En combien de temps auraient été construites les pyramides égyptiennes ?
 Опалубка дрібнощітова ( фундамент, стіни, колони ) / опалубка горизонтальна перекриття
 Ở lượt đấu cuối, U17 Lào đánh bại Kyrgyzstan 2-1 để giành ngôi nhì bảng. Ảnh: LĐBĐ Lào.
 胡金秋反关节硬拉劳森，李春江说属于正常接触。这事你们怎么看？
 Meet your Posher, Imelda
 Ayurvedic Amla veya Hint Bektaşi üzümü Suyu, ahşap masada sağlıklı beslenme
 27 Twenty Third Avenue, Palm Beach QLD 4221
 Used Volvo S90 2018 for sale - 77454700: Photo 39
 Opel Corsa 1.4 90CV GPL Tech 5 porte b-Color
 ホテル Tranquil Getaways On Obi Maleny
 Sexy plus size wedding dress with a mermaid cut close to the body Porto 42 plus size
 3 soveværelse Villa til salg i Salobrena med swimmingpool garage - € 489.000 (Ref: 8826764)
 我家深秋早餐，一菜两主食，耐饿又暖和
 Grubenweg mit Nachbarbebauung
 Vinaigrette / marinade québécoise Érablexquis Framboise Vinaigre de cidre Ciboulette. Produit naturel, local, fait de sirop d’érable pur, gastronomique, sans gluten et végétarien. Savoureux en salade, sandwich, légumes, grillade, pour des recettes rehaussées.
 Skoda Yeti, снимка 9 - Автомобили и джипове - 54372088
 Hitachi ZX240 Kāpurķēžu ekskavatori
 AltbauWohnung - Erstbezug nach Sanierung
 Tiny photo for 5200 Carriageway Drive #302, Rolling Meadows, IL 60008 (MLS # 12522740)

• • • • • • •

In the material above, find the line containing "Sexy plus size" and the line containing "AltbauWohnung - Erstbezug nach Sanierung", then write out exactly those two lines and every line between them, and nothing more.

 Sexy plus size wedding dress with a mermaid cut close to the body Porto 42 plus size
 3 soveværelse Villa til salg i Salobrena med swimmingpool garage - € 489.000 (Ref: 8826764)
 我家深秋早餐，一菜两主食，耐饿又暖和
 Grubenweg mit Nachbarbebauung
 Vinaigrette / marinade québécoise Érablexquis Framboise Vinaigre de cidre Ciboulette. Produit naturel, local, fait de sirop d’érable pur, gastronomique, sans gluten et végétarien. Savoureux en salade, sandwich, légumes, grillade, pour des recettes rehaussées.
 Skoda Yeti, снимка 9 - Автомобили и джипове - 54372088
 Hitachi ZX240 Kāpurķēžu ekskavatori
 AltbauWohnung - Erstbezug nach Sanierung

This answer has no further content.